FIG. 5 is a flowchart of a method 566 for predicting carbon emissions for a wellsite, according to at least one embodiment of the present disclosure. The method 566 may include receiving a wellbore model for a target wellbore at 568. In some embodiments, the wellbore model is a wellbore drilling model, but may also be may any type of model. For example, the wellbore model may include a dynamic drilling simulation as a transient time simulation based on time or incremental rotation of the downhole drilling system. For example, the dynamic drilling simulation may include those disclosed in U.S. Pat. Nos. 6,516,293, 6,785,641, 6,873,947, 7,020,597, 7,139,689, 7,464,013, 7,693,695, 7,844,426, 8,401,831, and 9,482,055, as well as U.S. Patent Publication No. 2004/0143427, each of which is incorporated herein by this reference in its entirety.


In some embodiments, wellbore drilling model may consider at least one or more parameters, such as the curvature of the wellbore (e.g., dogleg radius, radius of curvature), the downhole tool configuration, the downhole fluid composition, the downhole formation, WOB, RPM, drilling fluid flow, any other drilling parameter, and combinations thereof. In some embodiments, the wellbore drilling model may generate projected surface drilling parameters that are projected over a period of time.


Based on the projected surface drilling parameters, a carbon emissions manager may determine a projected power draw for the drilling equipment to be used at the target wellbore at 570. Using the projected power draw, the carbon emissions manager may determine a projected fuel consumption rate over the period of time for one or more generators powering the drilling equipment to be used at the target wellbore at 572. Using the projected fuel consumption rate, the carbon emissions manager may determine a projected carbon emissions rate over the period of time at 574.


In some embodiments the method 566 may further include determining a total carbon emissions to drill the target wellbore. This may allow the drilling operator to determine the number of carbon credits to buy or to provide a cap for carbon emissions for the drilling operator to stay under during drilling operations. In some embodiments, determining the projected carbon emissions may include determining the projected carbon emissions at any time over the period of time. During actual drilling of the wellbore, the drilling operator may compare the instantaneous and/or cumulative carbon emissions against the projected carbon emissions at that point in time. If the actual and projected carbon emissions are different, the drilling operator may adjust one or more drilling parameters.

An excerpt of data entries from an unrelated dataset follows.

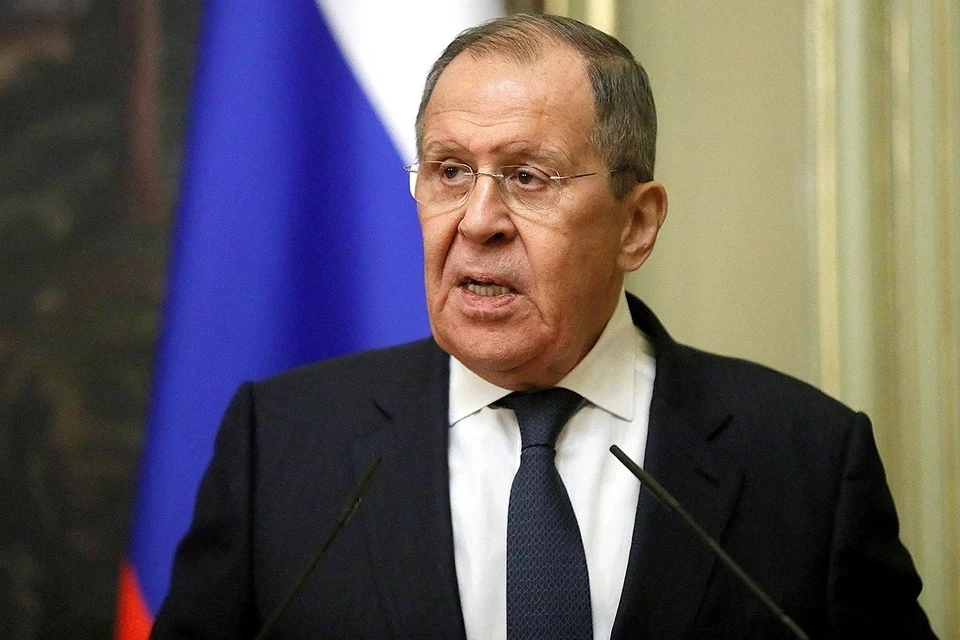 Лавров назвал позорной политику G20 в отношении ситуации вокруг Украины
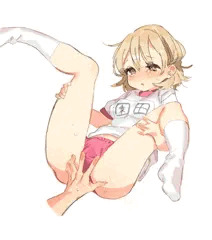 ブルマくぱぁ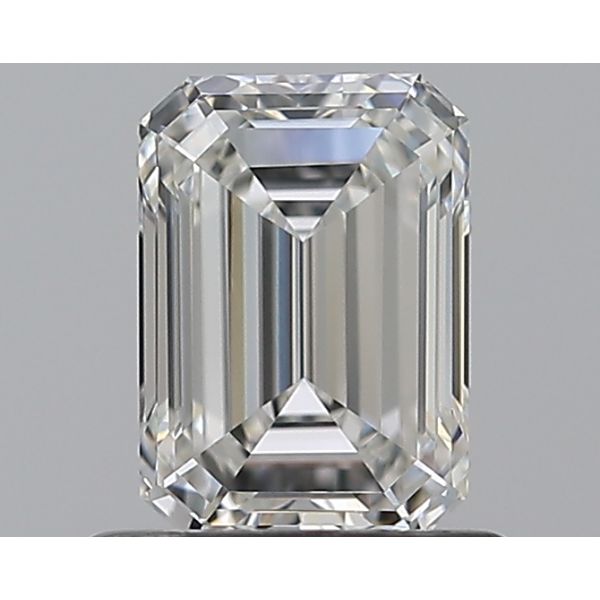 EMERALD 0.81 G VVS1 EX-VG-EX - 7521210946 GIA Diamond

In some embodiments, determining the projected power draw included determining an equipment power draw for an individual unit of equipment of the drilling equipment. The projected fuel consumption rate may include an equipment fuel consumption rate for the individual unit of equipment based on the equipment power draw. The projected carbon emissions may then include an equipment carbon emissions for the individual unit of equipment. Providing power draw, fuel consumption, and carbon emissions for the individual unit of equipment may allow the drilling operator to determine the carbon impact each unit of equipment has on the drilling operation.


In some embodiments, the method 566 may include receiving a new wellbore drilling model. The new wellbore drilling model may include new drilling parameters, a new unit of equipment, or any other changed variable. Based on the new wellbore drilling model, the carbon emissions manager may determine a new projected power draw for the drilling equipment including the new unit of equipment. Based on the new projected power draw, a new projected fuel consumption over the period of time may be determined. Based on the new projected fuel consumption rate, a new projected carbon emissions over the period of time may be determined and compared with the original projected carbon emissions.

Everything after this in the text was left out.